Tijdens de mondelinge behandeling op 20 november 2014 hebben de bewindvoerders hun standpunt toegelicht, waarbij zij benadrukten dat het doel van de oprichting van de B.V. is om het vermogen van de rechthebbende goed te beheren en niet om belasting te ontwijken. Het hof heeft echter geoordeeld dat het verlenen van machtiging voor de oprichting van de B.V. het vermogen van de rechthebbende zou onttrekken aan het toezicht van de kantonrechter. Dit toezicht is essentieel, omdat de rechthebbende niet in staat is om zelf beslissingen te nemen over zijn vermogen.

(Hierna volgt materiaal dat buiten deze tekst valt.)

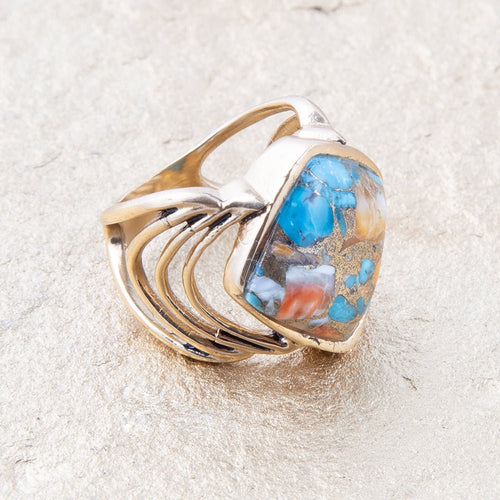 Arrows Turquoise & Spiny Oyster Matrix Statement Ring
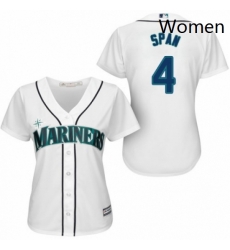 Womens Majestic Seattle Mariners 4 Denard Span Replica White Home Cool Base MLB Jersey 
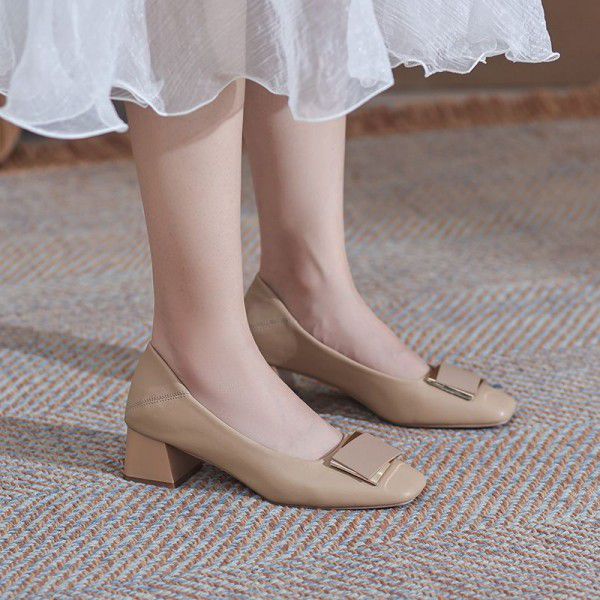 New square toe thick heel genuine leather single shoes for women's OL professional work shoes, high heels, sheepskin shallow mouth women's shoes 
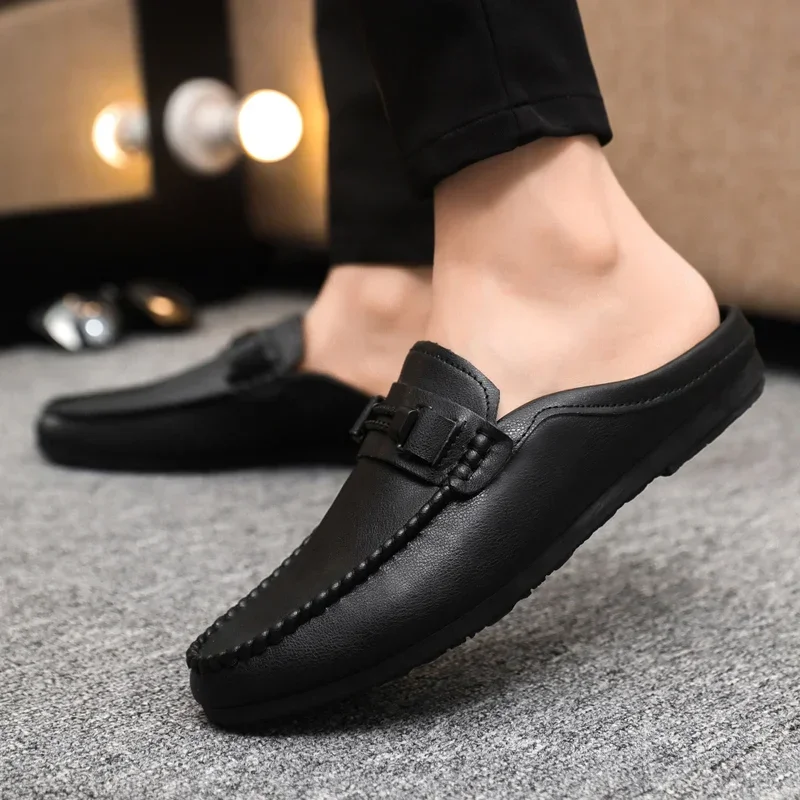 Leather Men Half Slippers Summer Breathable Mens Casual Shoes Slip-on Lazy Driving Shoes Comfortable Walking Loafers Moccasins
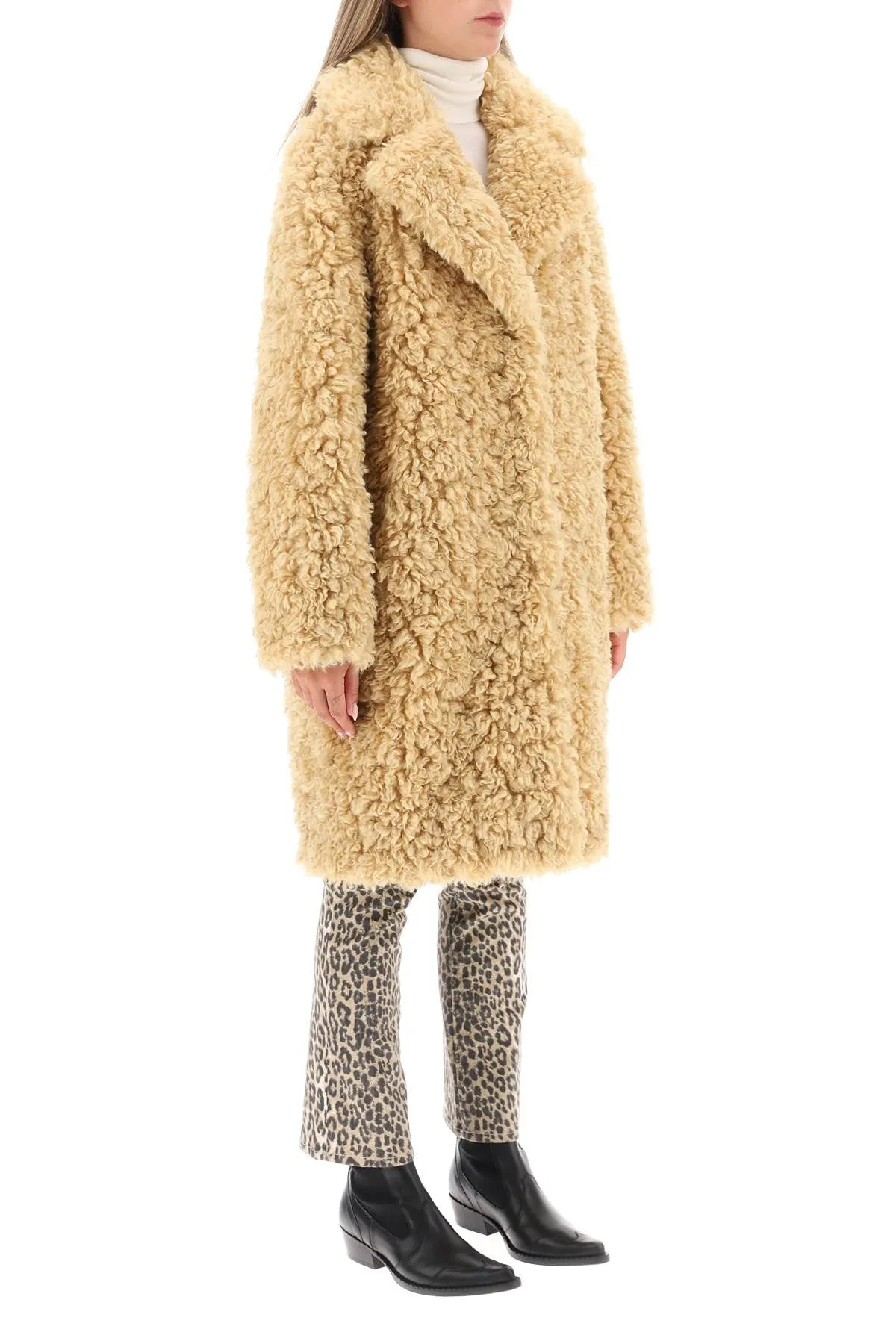 studio 'camille' faux fur cocoon coat light caramel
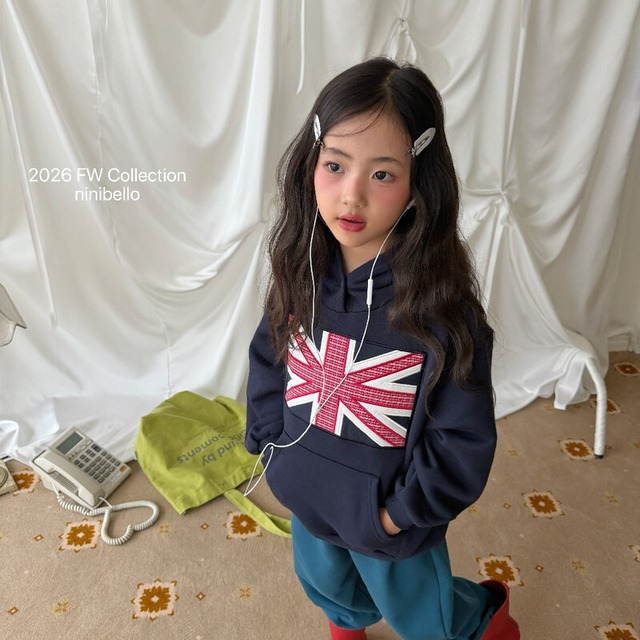 【取寄/韓国直送】ninibello ロンドンペッチフードT｜秋服｜韓国子供服｜26/AT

Het hof heeft vastgesteld dat er geen wettelijke basis is voor het toezicht door de kantonrechter op de B.V. en dat de bewindvoerders, ondanks hun toezeggingen, niet onderworpen zijn aan enige wettelijke controle. Hierdoor is het hof van mening dat het verzoek van de bewindvoerders om machtiging te verlenen voor de oprichting van de B.V. niet kan worden ingewilligd. De beschikking van de rechtbank is dan ook bekrachtigd, waarmee het hof de eerdere beslissing van de kantonrechter ondersteunt.